Reading this article made me feel better.
I think that is the question that I always come back to. How do I do these things that seem to be so unprecedented? Why is that always what I end up wanting to do? Does that make me a dreamer, or a visionary?

Because of reading Shopgirl, I wikipedia'ed Steve Martin. I was surprised to find that not only was this man a comedian, and apparently a real writer (not the I wanted to write a book so here you go writer. But the, I have critical acclaim and emmys for my writing kind of writer) but that he is also a musician. He plays the banjo, for real, and has won grammys for it. And I thought, how awesome that this guy is not just an entertainer, but that he is also an artist. Cause after you are done entertraining, it is the art that will live on.

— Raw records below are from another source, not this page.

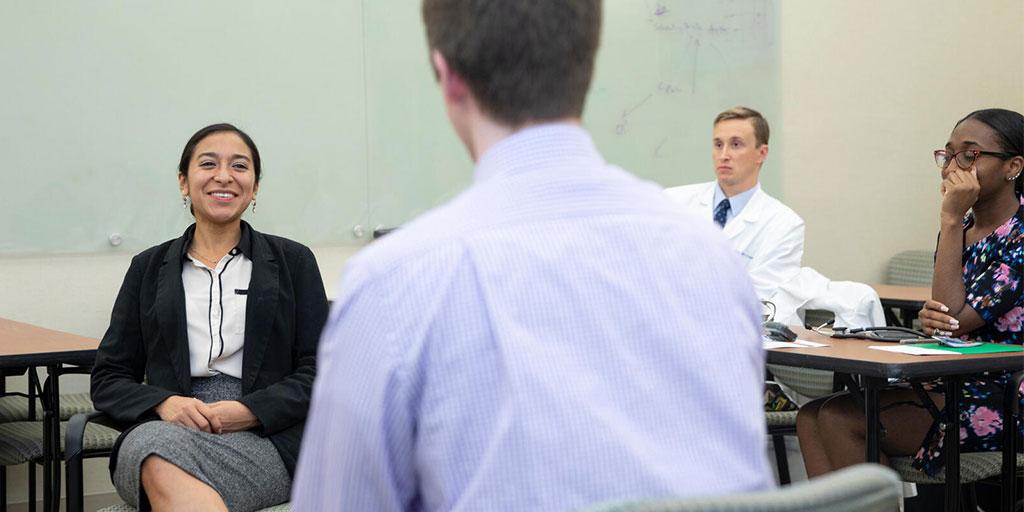 Group of students in a classroom, sitting at tables, but looking at each other and discussing something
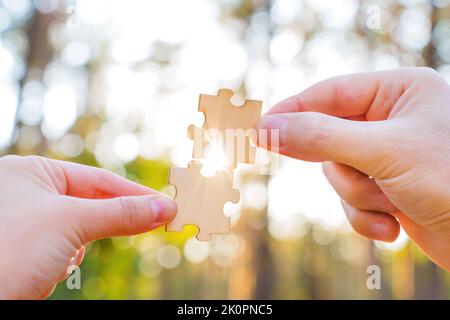 Crop-Ansicht der Hände versuchen, Holz-Puzzles gegen einen Bokeh Wald Hintergrund mit Sonnenlicht durch kommen. Kreativer Seelenverwandter concep Stockfoto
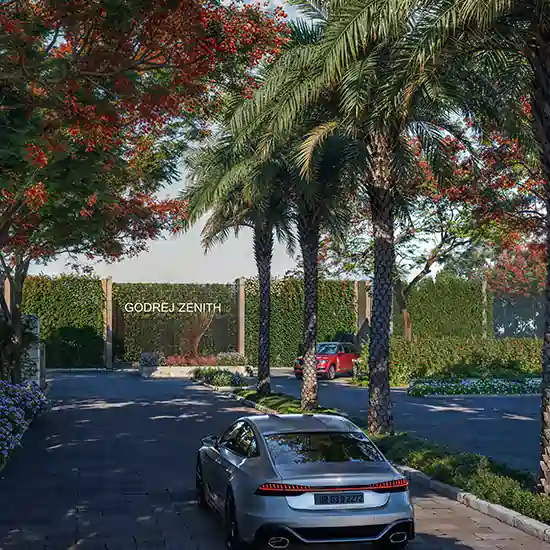 Evening view of Godrej Zenith in Gurgaon with illuminated towers and landscaped gardens.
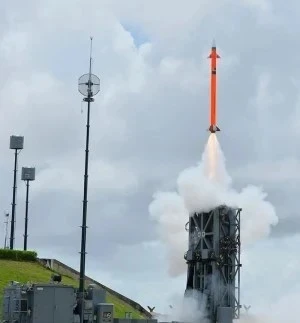 A bright orange missile launches vertically from a military platform, leaving a trail of smoke against a cloudy sky, with equipment and antennas visible in the foreground.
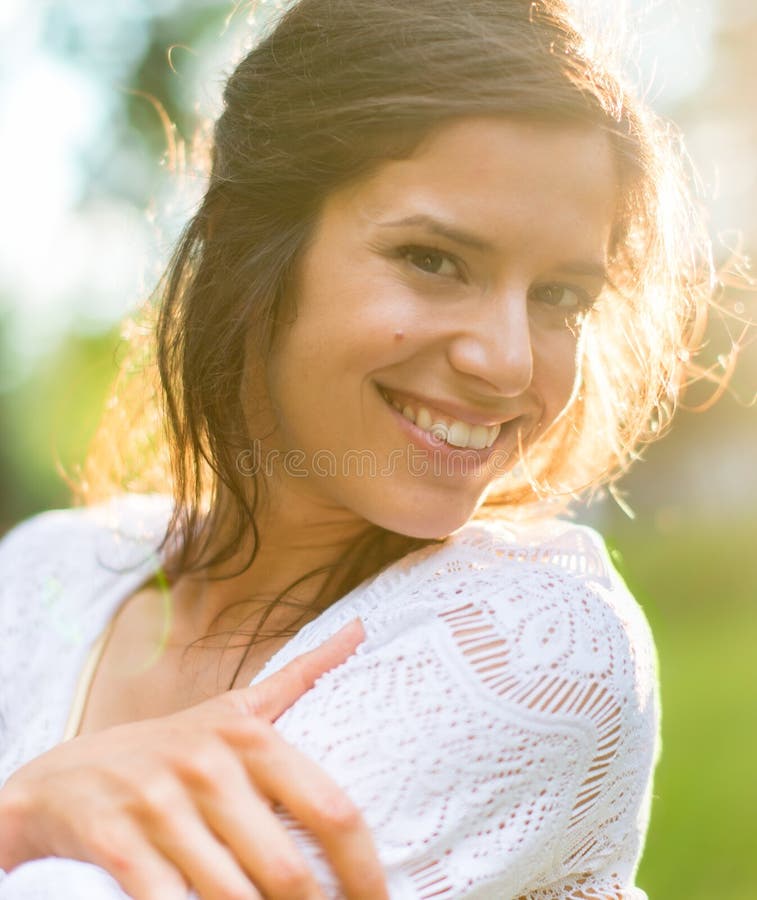 Multi-ethnic girl enjoying the warmth of a sunset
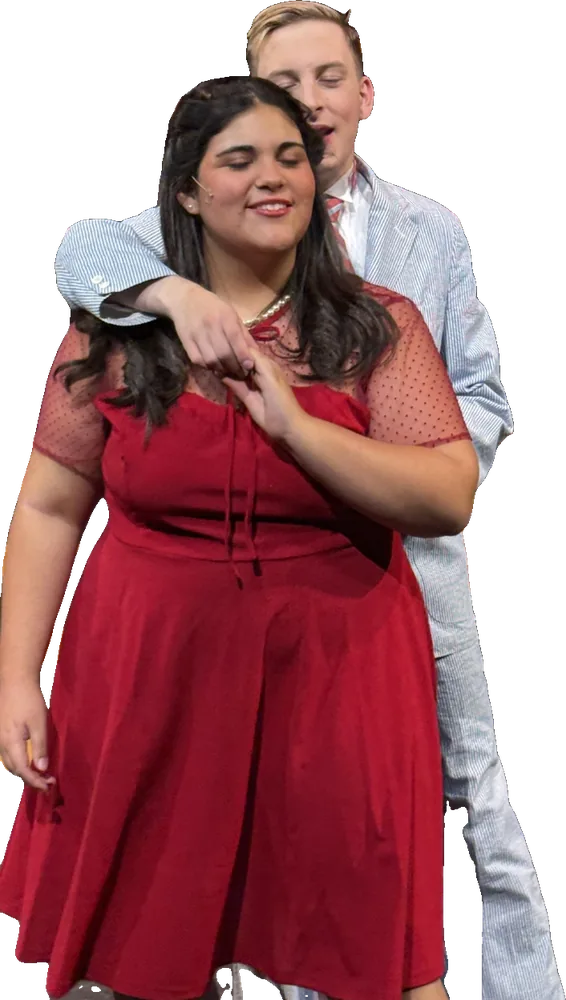 Two Tapestry actors embrace on stage in Bye Bye Birdie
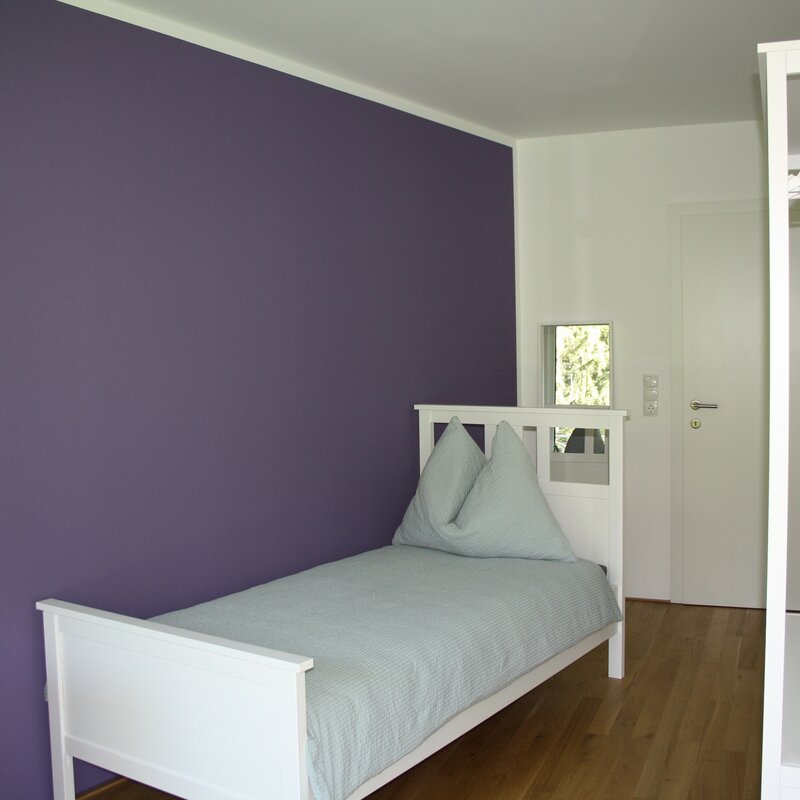 Bright room with single bed & purple accent wall – 4-room apt, short-term rental Innsbruck, temporary housing for 1 to 6 months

I want that.

I don’t know exactly what my art is (maybe writing?) but I know that I have this desire to be an artist. To have art to show to the world. And yet, when I had the chance to change my major to creative writing, I scoffed at the prospect. Cause I am much more than a poet dreaming a dream. I am a scientist. Its in me, always has been. I love to learn. I read books about space and time (for fun), I think that the best kind of work is fieldwork. I can’t escape it.

So how do I do both? I think that is the question of my lifetime. I think that for the first time, I am close. If nothing else, I am experimenting with my career and finding that it can be fun to just do the things that make me happy (and make money). But the question still plagues me….how do I do both? I wonder if those that have come before me have found a good reply. In the meantime, I split my time between the two worlds; working to draw them together as one.